Your visceral gut reaction is the reason why I am writing to you. Over the next several letters I intend to state exactly what I mean by Christian Nationalist. I’ll give my reasons for why I believe Christian Nationalism is the perfect antidote to this culture of crazy we both find ourselves in. This first letter, we’ll start with the origin of this term and explore the intentions of the people who wear this off-putting label.
The origins of the term Christian Nationalism were not uttered with any regularity until the 2016 presidential election. The left coined this phrase, then lobbed it at any Christian they could find who was strongly considering voting for the bad orange man. “You’re not a Christian Nationalist, are you?” By Nationalist they meant Fascist, and by Fascist they meant white supremacist, homophobic trans-hating bigoted Nazi.
This admonition from the left directed to their sensible suburban evangelicals didn’t work in spite of the stink associated with their freshly minted pejorative. Evangelicals, along with other groups who wanted to throw a wrench into the system, voted for the bad orange man, Christian Nationalism be damned.

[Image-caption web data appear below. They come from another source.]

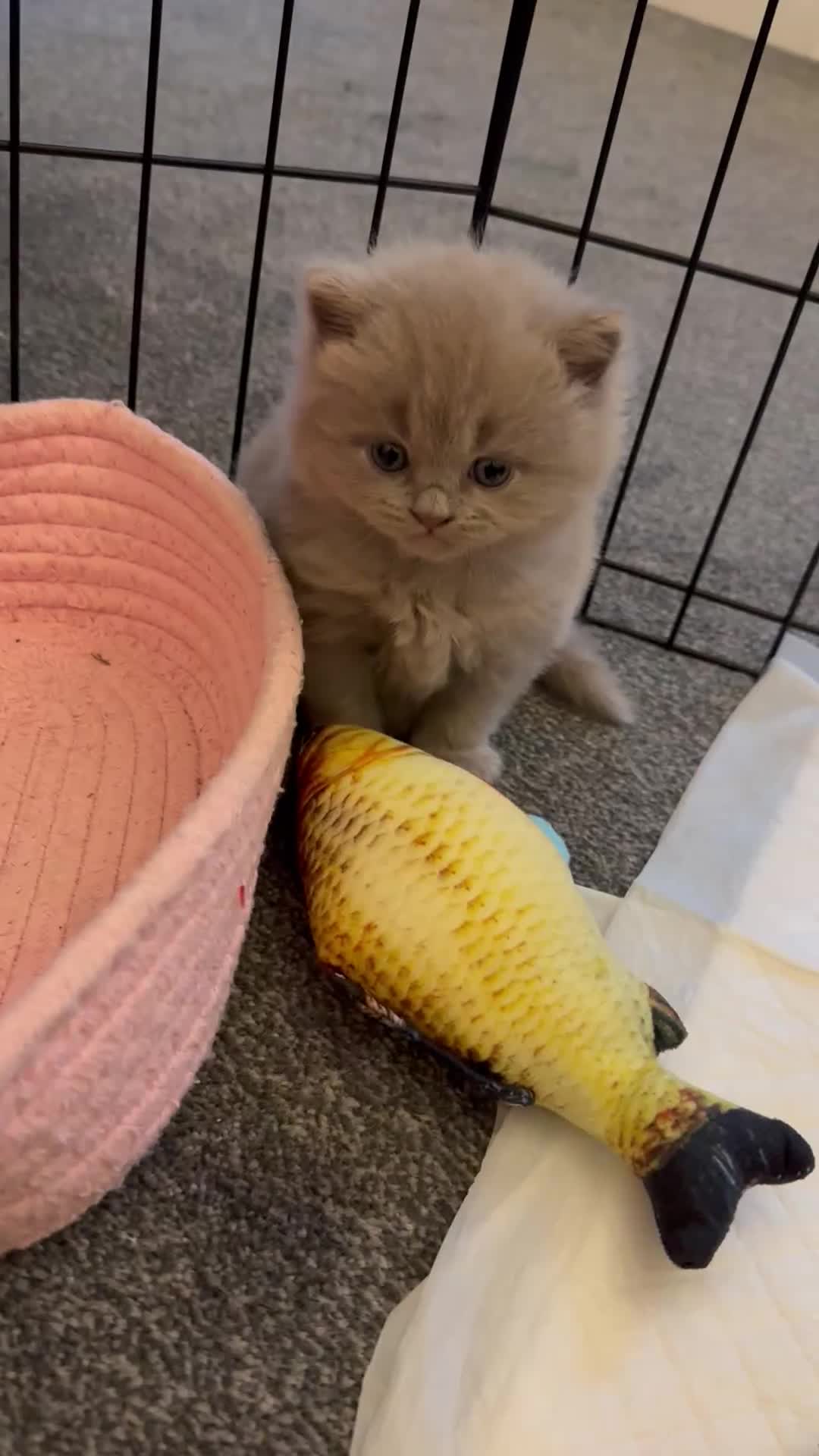 British Longhair cats for sale: 💜🩵 BRITISH LONG HAIR KITTENS 🩵💜 - Video 3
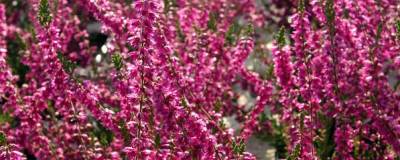 CALLUNA vulgaris 'ALLEGRO' 01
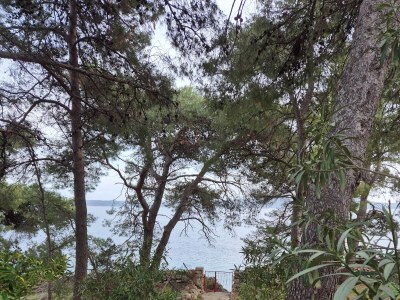 Apartment One bedroom apartment near beach Zavala, Hvar A-8774-b - Outdoor photo 7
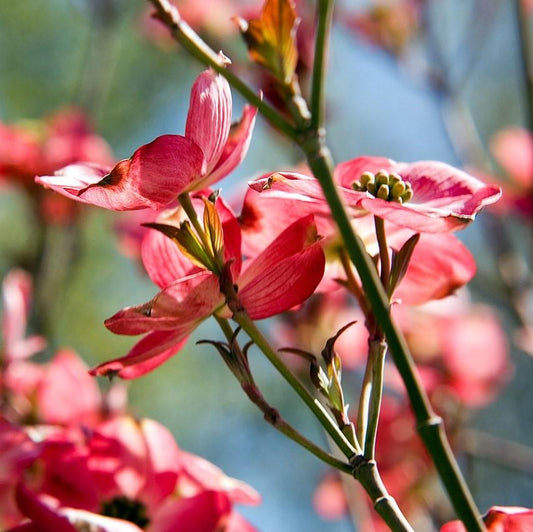 Cornus florida 'Comco No. 1' - Cherokee Brave Dogwood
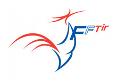 _wsb_117x81_Logo_New_FFT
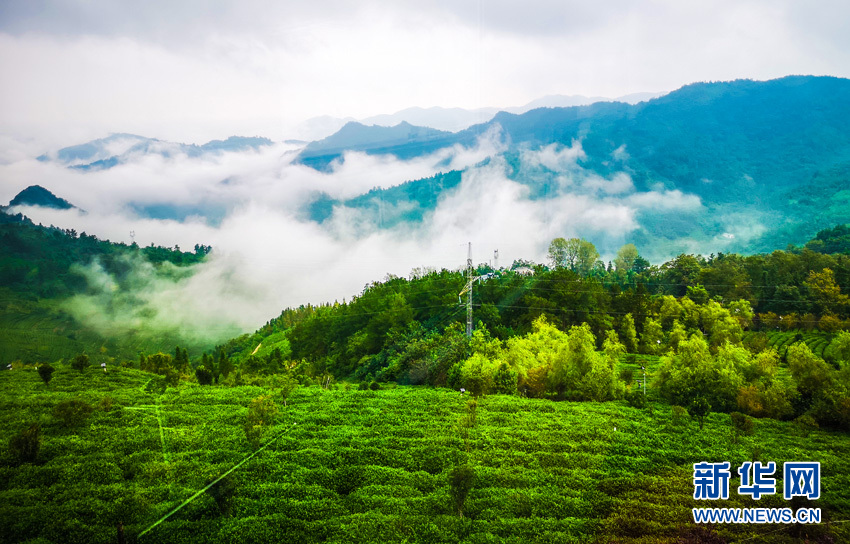 “飞阅”龙王垭：茶旅融合助增收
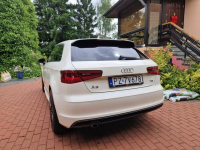 Audi A3 S-Line 1.6 Tdi Xenon Led Bardzo Sliczna Poznań - zdjęcie 5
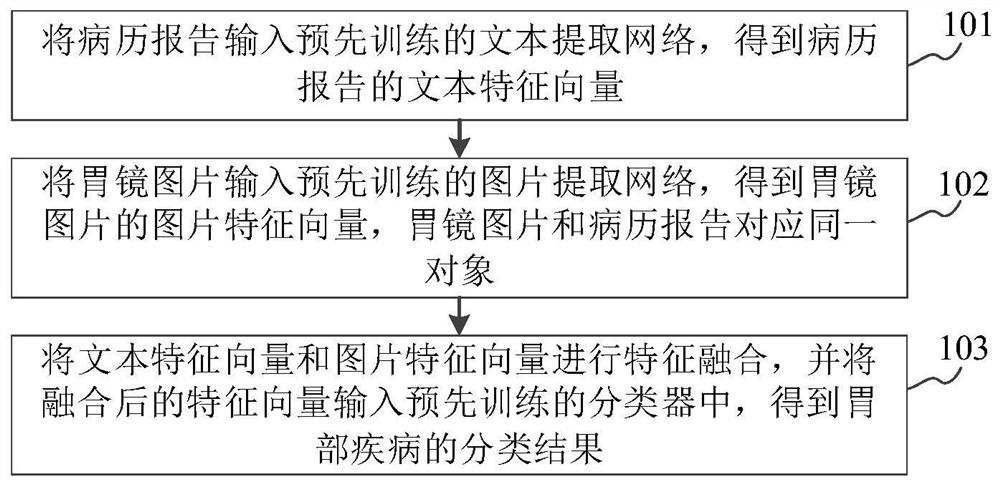 基于文本和图片的双模态胃部疾病分类方法及装置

Wednesday, November 9th 2016 was just as surreal for me as it was for everyone else. I grew up watching Donald Trump fire his would-be lackeys on his prime time reality TV show, “The Apprentice.” Everyone was shocked as we watched the “You’re fired!” guy win a presidential election. Christian Nationalism took a backseat to regular Nationalism, Fascism, and other Nazi-infused insults as the world wrapped it’s head around this new reality.

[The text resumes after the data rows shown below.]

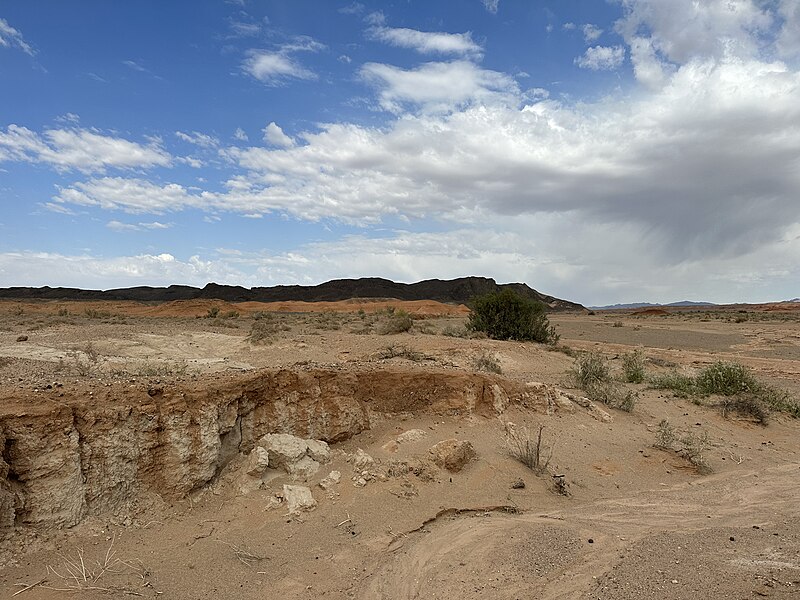 File:Gobi Desert 2023 in Ömnögovi Province, Mongolia 38.jpg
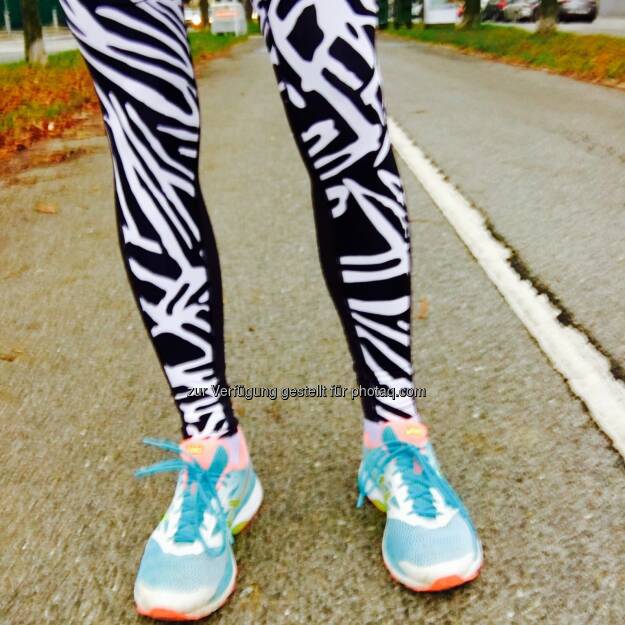 Mehr oder weniger vor der Haustür (12.11.2016)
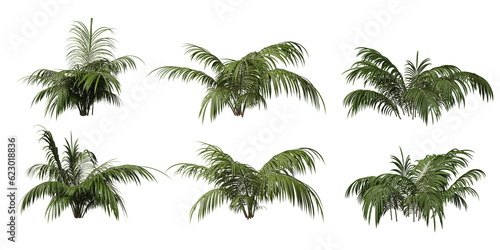 Parlor palm small on a transparent background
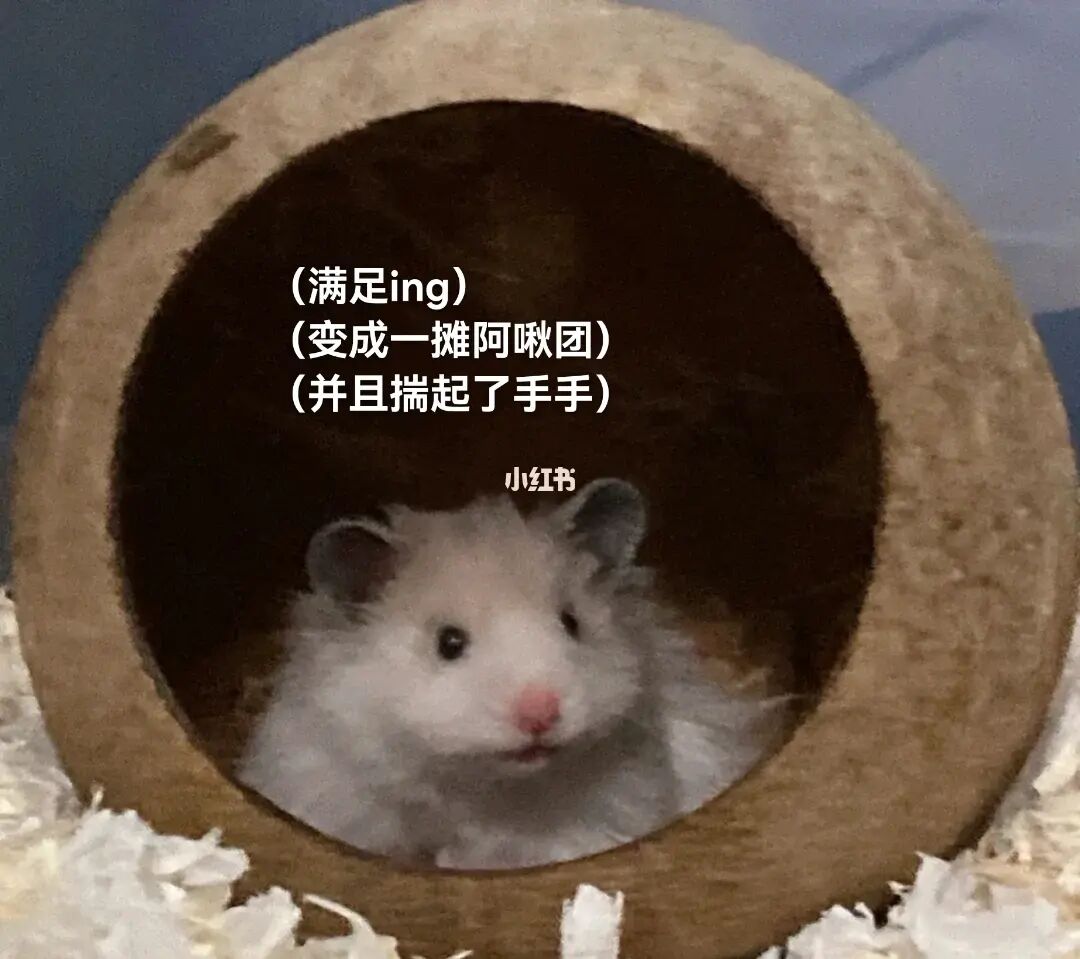 仓鼠的英文_英文仓鼠的英文_英文仓鼠拼读怎么读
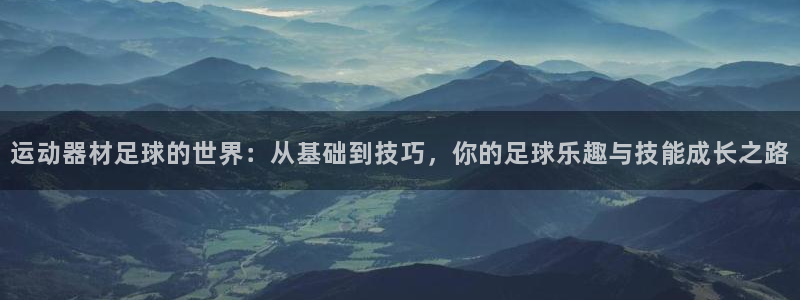 征途国际招商电话地址：运动器材足球的世界：从基础到技巧，你的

Then we started finding sexually explicit material in our nation’s libraries catered to children. We started hearing about “trans-affirming surgeries”. Healthy children being told they were born in the wrong body and subsequently mutilated. The surgeons, counselors, health professionals all taking a cut from the profits of this new Baal worship. And we wondered, “When did the world become so…unreasonable, irrational?”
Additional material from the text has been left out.